Part 1. Parsing input (40 points)
At a high level, your shell will (1) read a line of input from stdin; (2) parse the input into tokens; (3) construct a pipeline from the tokens; and (4) run the whole pipeline.
In this part, you will parse input into a sequence of tokens.
Initially, a token will be either a pipe character |
or a word. For example,
the input echo 'Why hello there!'| wc -l -c
consists of the following
tokens.
[Word("echo"), Word("Why hello there!"), Pipe, Word("wc"), Word("-l"), Word("-c")]
Notice how the |
turns into a pipe token rather than a word token. In
contrast, if the pipe is quoted, it is a word as in this example echo '|'
.
[Word("echo"), Word("|")]
This is a perfect use case for an enum.
Your task
Create a new binary project in the assignment repo using
$ cargo init --bin --vcs git --name osh .
Define the Result
type in main.rs
the same way you did for the past few labs.
Create a new file src/input.rs
and add the input
module to main.rs
.
Inside input.rs
, add a use
line for Result
.
use crate::Result;
Create a new, public enum called InputToken
which you will use to represent
either a word or a pipe.
Create a new function
#![allow(unused)] fn main() { type Result<T> = std::result::Result<T, Box<dyn std::error::Error>>; enum InputToken { Word(String), Pipe }; pub fn split_input(input: &str) -> Result<Vec<InputToken>> { todo!() } }
which on success will return a Vec
of InputToken
s.
To parse the input into tokens, you’ll want to iterate over the input string
one character at a time which you can do using the .chars()
method which
returns an iterator over characters.
What makes this tricky is that how you handle any given character depends on what other characters have been read. For example, a space character can separate two words or it could be part of a quoted word. Similarly, a pipe character might be part of a word (if it is quoted) or it might be a separator in the pipeline (see the two examples at the top of this page).
Your split_input()
function should support unquoted words, single quoted words, and
double quoted words or a mix. Here’s an example input line
echo unquoted_word 'single "quoted" word' "double 'quoted' word" 'mixing different 'quoting" styles"
and its parsing
[Word("echo"), Word("unquoted_word"), Word("single \"quoted\" word"), Word("double 'quoted' word"), Word("mixing different quoting styles")]

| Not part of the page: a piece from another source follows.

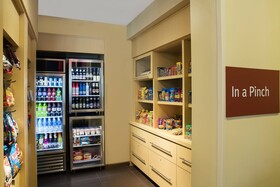 TownePlace Suites Orlando Flamingo Crossings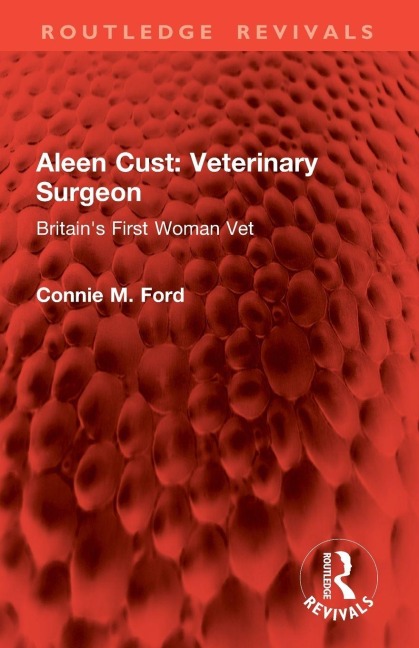 Aleen Cust Veterinary Surgeon - Connie M. Ford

Note that the unquoted quotation marks are removed from each word. (The single
quoted word containing a double quoted inner word is shown with a backslash
before the inner quotes. This is an artifact of the Debug
representation,
not actual characters.)
To parse the input, I recommend creating a state machine which examines its input one character at a time. A state machine works by maintaining a current state and reading the input in a loop. For each character read, use the state to determine what to do with the character and what state to move to next.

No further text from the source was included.